The appointment and removal of a Company Secretary is provided for under section 296 of CAMA. The Act provides that a Secretary shall be appointed by the directors and they may also remove him. In carrying out the task of removing a Company Secretary, the Act further provides for the various steps to be followed for his removal; this is seen under section 296 (2) of CAMA.
This is a further significant component of a company's management team, thus it is essential that company secretaries and other lawyers with expertise in corporate management become familiar with the whole operation of company registrars. Because of how the Company Secretary's responsibilities flow into those of the Company Registrar, this is the case.

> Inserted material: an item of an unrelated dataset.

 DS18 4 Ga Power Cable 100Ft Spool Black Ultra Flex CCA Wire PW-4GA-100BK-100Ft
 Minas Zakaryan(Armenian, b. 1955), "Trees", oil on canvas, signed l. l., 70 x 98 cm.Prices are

The Company Registrar is charged with maintaining the register of shareholders or members as well as carrying out auxiliary duties like verifying shareholder signatures, carrying out transfers and transmissions, organising and conducting general meetings, issuing share certificates, compiling returns for public offerings, paying withholding tax, etc.
A common practice in today’s corporate law is to find that a company may opt to keep its own register (statutory books) at its registered office or employ the services of a registrar to keep its register at a place approved by it. The registrar may either be a general or ‘in house registrar’ i.e. a department within such a company; as is common with banks.

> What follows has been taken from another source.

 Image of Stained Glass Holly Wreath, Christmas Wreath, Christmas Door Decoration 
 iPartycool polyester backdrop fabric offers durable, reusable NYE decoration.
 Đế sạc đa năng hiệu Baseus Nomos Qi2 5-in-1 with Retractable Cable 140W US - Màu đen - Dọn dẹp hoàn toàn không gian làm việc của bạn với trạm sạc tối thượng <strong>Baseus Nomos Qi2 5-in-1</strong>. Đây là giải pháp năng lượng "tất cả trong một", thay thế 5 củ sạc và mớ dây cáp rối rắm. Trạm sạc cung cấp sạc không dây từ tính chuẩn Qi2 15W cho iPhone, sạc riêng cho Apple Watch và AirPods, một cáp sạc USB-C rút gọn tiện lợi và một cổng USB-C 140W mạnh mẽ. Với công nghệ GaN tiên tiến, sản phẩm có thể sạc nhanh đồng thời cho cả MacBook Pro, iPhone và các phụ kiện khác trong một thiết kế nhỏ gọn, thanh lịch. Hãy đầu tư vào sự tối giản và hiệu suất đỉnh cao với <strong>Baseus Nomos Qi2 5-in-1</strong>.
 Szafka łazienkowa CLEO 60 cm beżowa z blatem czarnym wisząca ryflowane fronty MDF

Without these groups of people known as auditors who aid in the management of such organisations, corporate entities cannot be deemed to be healthy and performing well. According to CAMA's Section 357, each business must elect an auditor or auditors at each annual general meeting to review the company's financial statements and serve in that capacity from the end of the current annual general meeting until the end of the following one.
Section 358 (1) of CAMA further states who qualifies to be designated as an auditor. It states that only individuals who satisfy the professional requirements of the Institute of Chartered Accountants of Nigeria Act can be appointed as company auditors. While it also stated that certain categories of persons are excluded from appointment as Auditors and they are:
An officer or servant of the company; A person who is a partner or in the employment of an officer or servant of the company in the employment of the company; A body corporate; A person or firm who or which offers to the company professional advice in a consultancy capacity in respect of secretarial, taxation or financial management.

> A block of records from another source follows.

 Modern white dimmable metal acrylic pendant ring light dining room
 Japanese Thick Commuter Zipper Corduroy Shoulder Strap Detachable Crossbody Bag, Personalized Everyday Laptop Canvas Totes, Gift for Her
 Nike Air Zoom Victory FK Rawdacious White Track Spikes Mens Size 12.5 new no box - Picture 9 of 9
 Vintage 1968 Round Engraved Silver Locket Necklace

In appointing auditors for a company, we see that there are two sets of auditors and their modes of appointment vary. They are the first auditors and subsequent auditors. Section 357 (5) of CAMA provides that first auditors may be appointed by the directors at any time before the company is entitled to commence business and auditors so appointed shall hold office until the conclusion of the next Annual General Meeting. CAMA further stated under section 357(5) (b) that in the event that the directors fail to exercise their powers under this section; the company may in a general meeting convened for that purpose appoint the first auditors and thereupon the said powers of the directors shall cease. The subsequent auditors are appointed in certain situations which include when there is a vacancy or casual vacancy.
REMOVAL OF AUDITORS
Regardless of any agreements between the company and the auditor, as stated under section 362 (1) of the CAMA, the auditors of a company may be removed by an ordinary resolution prior to the end of their term. However, an auditor removed contrary to the agreement is entitled to damages and compensation for his removal. Section 362 (2) of CAMA goes on to stipulate that notice of removal of an auditor shall be filed at the Corporate Affairs Commission within 14 days of the resolution.